Jeannette was beside herself, so almost weeping with joy that she turned away from the group, her emotion etched across her features. She wiped the air with her hand, amazed at the idea of it, then covered her hand with her mouth. At last, feeling the euphoria that comes with all of one’s dreams being achieved, she ran her hands through her hair and turned back to them.
“We did it!” She cried, “We really did it!”
“Yes,” Nine replied gently, “you did.”
Everyone were silenced by Jeannette’s moment of quiet but open ecstasy.
And the moment of ecstasy cast a spell, an incredible spell! Her amazement seemed to bring home the reality that they were all beyond their element, that they were all transported to another world and they all sat down, individually, contemplating the very reason for this all occurring while Nine and Clara stood by each other.
“What is happening?” Clara asked Nine.
“What often happens when the reality of time travel and space travel reaches the four corners of a human’s mind who was once in doubt. Emily Dickinson got it quite right when she wrote her poem of tell the truth, but tell it slant. The truth can blind them. Jeannette Picard’s reaction was heartfelt, raw—real. And the one thing that touches the heart more than laughter and comedy is sadness and gravitas.”
“But how is what we told them sad? Isn’t it uplifting to know that the human race will one day reach the stars?”
“The human race does it,” Nine acknowledged, “but not them. Other individuals will, but not them.”
“Except for Mrs. Picard,” Clara noted, looking at Jeannette, who clearly was the happiest in the set.
“Yes, for she has seen the vastness of space. You saw it Clara, the vastness of space and time and all of its infinite beauty. Because she has seen it, she might as well have seen the chimes of midnight.”
“You just quoted Shakespeare.”
“Yes, I did,” Nine said, “you knew the quote?”
“Yes, from ‘Henry IV, Part II’.”
“Clara, I have walked this universe for almost nine centuries and I have never met a random person who just happened to know that quote.”
“Well, I hope that means that I’m unique.”
Clara looked up at Nine and her smile faltered when she saw the serious look on his face.
“Mr. Smith? John? What is it?”
“Clara, how long were you uploaded to that computer again? How long were you placed in the Wi-Fi and used as food?”
“I was uploaded twice, but less than a day.”

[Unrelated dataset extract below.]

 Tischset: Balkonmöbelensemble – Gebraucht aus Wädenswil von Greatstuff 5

“Twice but less than a day. Not enough time to be fully harvested, but just enough time.”
“Enough time for what?”
Nine did not respond, but looked out at the seven people who were before him. Clara followed his gaze.
“Governor…”
“Smith. Just call me John Smith.”
“Well, John Smith. Can’t you help them?”
“Clara Oswald, oh, just watch me.”
Nine placed himself in front of them all and began his speech.
“Mozart, Miss Waters, Miss Bronte, Euripides, Miss Picard, Virgil and terrorist.”

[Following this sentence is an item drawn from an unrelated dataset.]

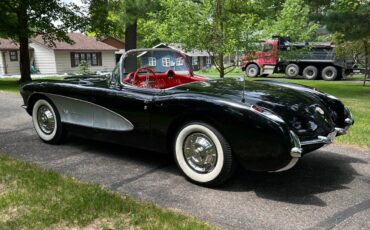 Chevrolet-Corvette-1957-Black-Red-1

“Is he referring to me?” Guy Fawkes said.
“Don’t worry,” Clara covered, “there are many meanings to that word.”
“Oh.”
“I shall be back presently, and on my life, I shall be the man to send you all back home.”
“You promise, sir?” Emily Bronte pleaded. “Forgive me for doubting you now, but I don’t know what to trust.”
Nine walked up to Emily Bronte and leaned down in front of her.
“Look at this face, Miss Bronte? You see my face. Tell me, does it truly look like the face who makes empty promises?”
Emily Bronte smiled sadly.
“No, it doesn’t.”
“Have faith, Miss Bronte,” Nine reassured her, “recall that book of yours. No matter how bleak the situation, how dire the circumstances, how dark the nature of the character, at the end of it all, didn’t you find a moment of happiness? Did not your lead character’s daughter rise above it all and find her own spirit?”